A real-world use case describes an application that centralizes information from multiple APIs and stores high security information related to the users in different databases. The architecture must ensure that, over time, more integrations can be added in order to extend the functionality of the tool without affecting performance or disrupting the release process. It is in this area that a microservice architecture appears as the ideal option.

Thanks to Amazon Web Services (AWS) and its services Elastic Cloud Computing (EC2), Elastic Container Service (ECS) and Elastic Container Register (ECR), it is possible to create a reliable and maintainable infrastructure, which provides sufficient versatility and security supported by the Virtual Private Cloud (VPC) service. The following diagram describes an architecture capable of supporting multiple microservices thanks to the low resource consumption of the Micro.js framework and the serverless availability of the AWS Lambda.

The following characteristics stand out:

  • Micro.js is a very light framework that is characterized by not consuming a high amount of resources (the whole project is 260 lines).
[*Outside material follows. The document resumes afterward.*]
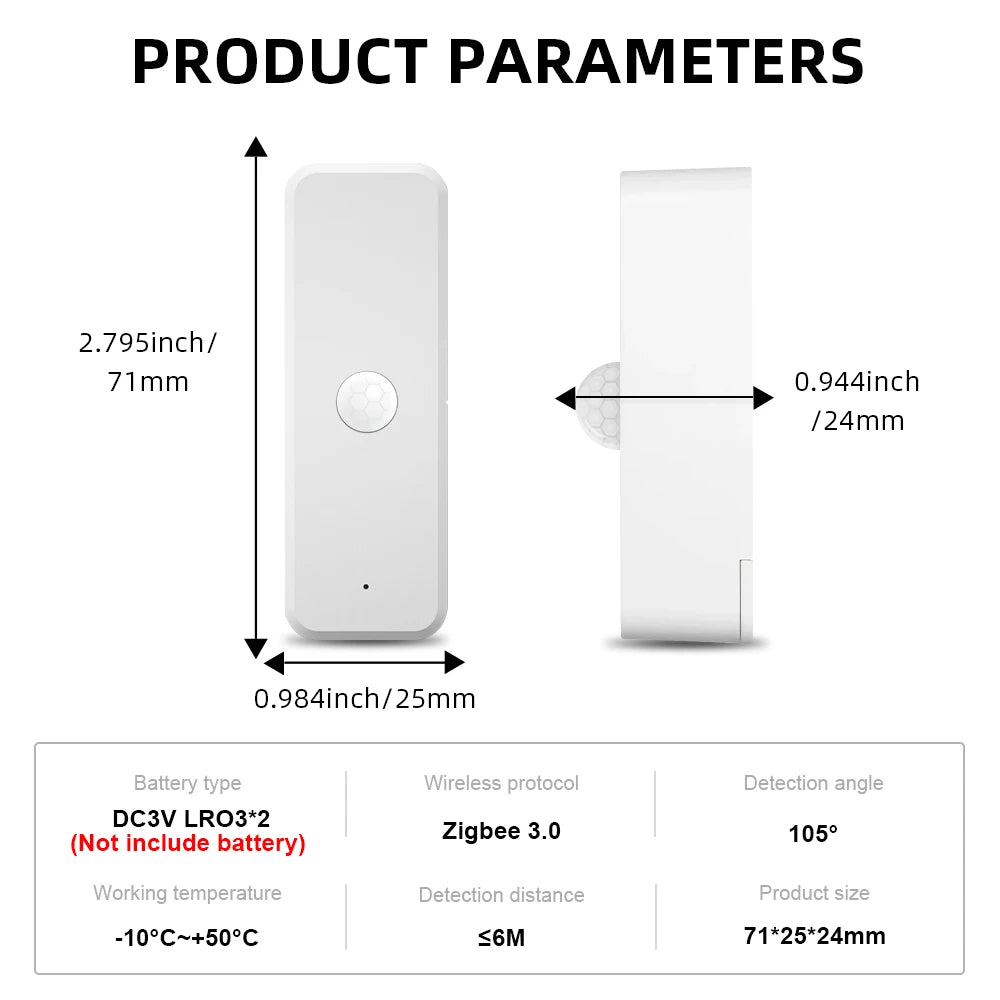Capteur Zigbee de Mouvement PIR - Compatible Tuya, eWeLink, Alexa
It achieves this thanks to its single purpose modules orientation and its ability to keep in sync and await availability for development. It is optimized for its deployment on containers and the GraphQL implementation.
  • AWS Lambda provides routing and maintains communication between the client and the microservices. The API Gateway service keeps the API available, it is an AWS service enabled for monitoring, documentation and management of APIs.
  • EC2 instances, synchronized with ECS agents, keep microservices available in containers. The traffic on these is balanced thanks to an Application Load Balancer (ALB) that manages an Auto Scaling Group (ASG) in AWS. In this way, high availability is achieved, and it is guaranteed that the backend can respond to traffic variations automatically.
  • All Lambda functions and EC2 resources are housed in a private VPC, which is only accessible through a NAT Gateway. This practice allows to guarantee an additional layer of security that aligns with the nature of this application.
  • All the continuous integration and delivery (CI / CD) is automated through a Jenkins CI server that is in constant communication with the ECR, ECS and AWS Lambda services, keeping them updated with the code that is centralized in a single repository. Each route of this project is the trigger of a chain of steps that are constantly adding new features.
  • For the monitoring of resources, AWS CloudWatch reports in real time the status of Lambda functions, ECS containers and others like the ALB and ASG. The Papertrail service is implemented to obtain and filter detailed log information of each container.

The key factor of this architecture is that it allows for the adding new microservices as they are required, without the consumption of resources (CPU/RAM) being a factor to worry about. This reduces the pressure on the development team, which will have the capacity to add new functionalities that have a completely different approach, integrations and scope to those that exist already.

Additionally, this design takes the term Auto Scaling to another level, since it separates in smaller steps the execution of tasks, reducing its load and taking advantage of the serverless technology of AWS Lambda, together with the intrinsic Auto Scaling capability of AWS ECS. This technology allows us to have a scalable infrastructure at almost any level of traffic from the beginning and with a non-negligible plus: low starting cost.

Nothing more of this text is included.